The reverse conclusion is in order. We should attempt to liberate human beings from all inabilities, both common and uncommon. We should do this because independent of whether or not a given inability is socially normal all inabilities are harms. A blind person is harmed by his inability to see, and society is harmed by having to accommodate blind people. A mentally handicapped person is harmed by his inability to think, and society is harmed by having to accommodate the less cognitive. At the same time, we are all harmed by our inability to run 1,000 miles an hour, or to fly, or to think at levels currently inaccessible to us, or to live for vast lengths of time, and society is harmed by having to accommodate these inabilities.

Such a conclusion does not contest the principle concern of disability rights advocates, that we do a better job of accommodating disabled citizens. It is not contradictory to argue that we should attempt to ensure all citizens we create are as able as possible while simultaneously arguing that, should we nonetheless create citizens who are unable in one or more ways, we ought to accommodate those inabilities. Indeed, as I have argued it, there is no distinction in this approach between being born with a disability and being born with a convention inability. We must endeavor to accommodate legless people in the same way that we must endeavor to accommodate slow-walkers.

Is there any justification in putting more resources toward accommodating slow-walkers than legless people? The principle justification to which we could appeal is numbers.
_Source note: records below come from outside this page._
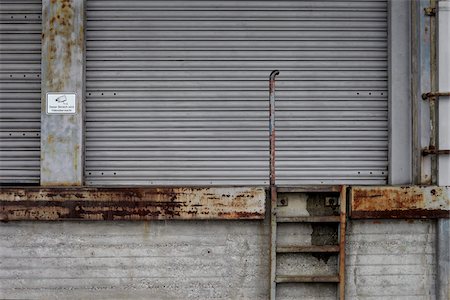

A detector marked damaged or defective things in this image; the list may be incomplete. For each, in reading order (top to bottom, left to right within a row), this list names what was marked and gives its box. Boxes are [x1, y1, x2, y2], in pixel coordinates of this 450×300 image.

rusty metal beam [0, 186, 266, 221]
corroded surface [0, 186, 266, 221]
rusty metal beam [352, 185, 450, 218]
corroded surface [352, 185, 450, 218]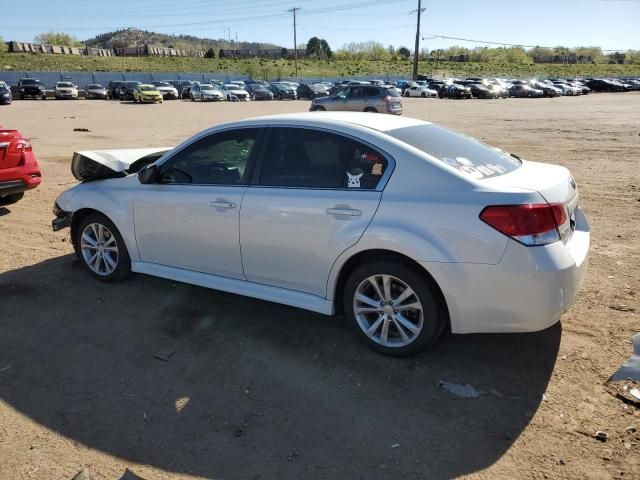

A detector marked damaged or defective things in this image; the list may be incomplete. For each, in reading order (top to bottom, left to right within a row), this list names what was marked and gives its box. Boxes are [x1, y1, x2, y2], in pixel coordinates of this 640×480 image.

damaged bumper [52, 202, 72, 232]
When we invest in transportation for slow-walkers, we help a larger number of people than we help when we invest in prostheses and other transport for the legless. Against that, we have the prioritarian argument, that legless people are worse off than slow-walkers, and so should receive priority. I resolve this problem by appeal to diminishing returns.

It very quickly becomes very expensive to improve transport for legless people (or to better accommodate disabled people in general). For many people, we know of no existing way to well and truly accommodate the inability. No matter how much we invest in accommodating someone with say, Down Syndrome, we cannot create equivalent conditions for that person to someone who is merely not a genius. If we put an absolute priority on accommodating more severely unable individuals, we end up putting much greater amounts of resources into helping a much smaller number of people much smaller amounts than we could achieve with the same resources for more conventionally unable people.

Instead, I’m inclined to embrace the view that we ought to provide resources for accommodation so as to maximize the amount of benefit we provide, irrespective of whom that benefit favors. I do not believe this necessarily results in disabled people receiving minimal accommodation once again due to diminishing returns. Returning to the slow-walker/legless person example, it does not take much in the way of resources to help a slow-walker go reasonably fast. We can help slow-walkers go 80 miles an hour by providing them with rudimentary automobiles. However, it would take considerably more investment to get those cars to go 160 miles an hour safely, and the difference between slow-walking and driving 80 miles an hour in benefit is vastly greater than the difference between going 80 and 160 miles an hour. After we’ve provided rudimentary automobiles, it’s probably more cost-effective to go to the trouble of making them usable for legless people than it is to focus all of our energies on accelerating their maximum safe speed. I believe the principle works quite well in most cases of this kind–utilitarianism with a concern for diminishing returns should allow us to accommodate the disabled effectively without requiring the kind of absolute priorities that could vastly reduce the rate at which many people’s lives improve.